_Source material_
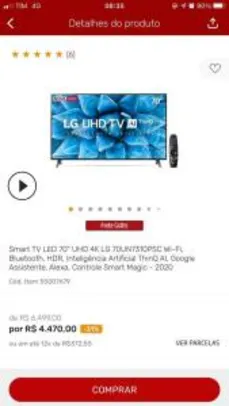 Smart LG TV LED 70" UHD 4K LG | R$ 4470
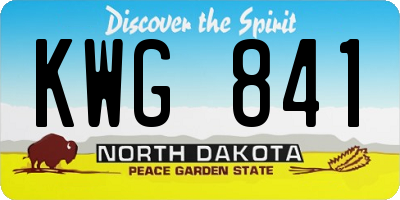 ND license plate KWG841
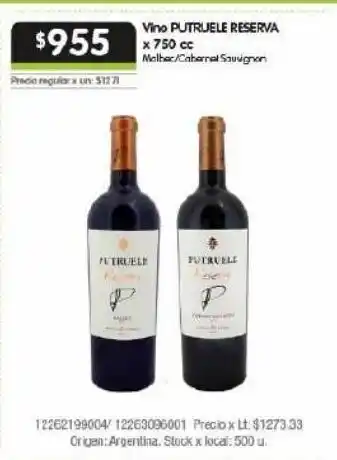 Jumbo Vino putruele x 750cc oferta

_Requirement_
The whole listing above must be set down again exactly, but without its images.

_Solution_
 Smart LG TV LED 70" UHD 4K LG | R$ 4470
 ND license plate KWG841
 Jumbo Vino putruele x 750cc oferta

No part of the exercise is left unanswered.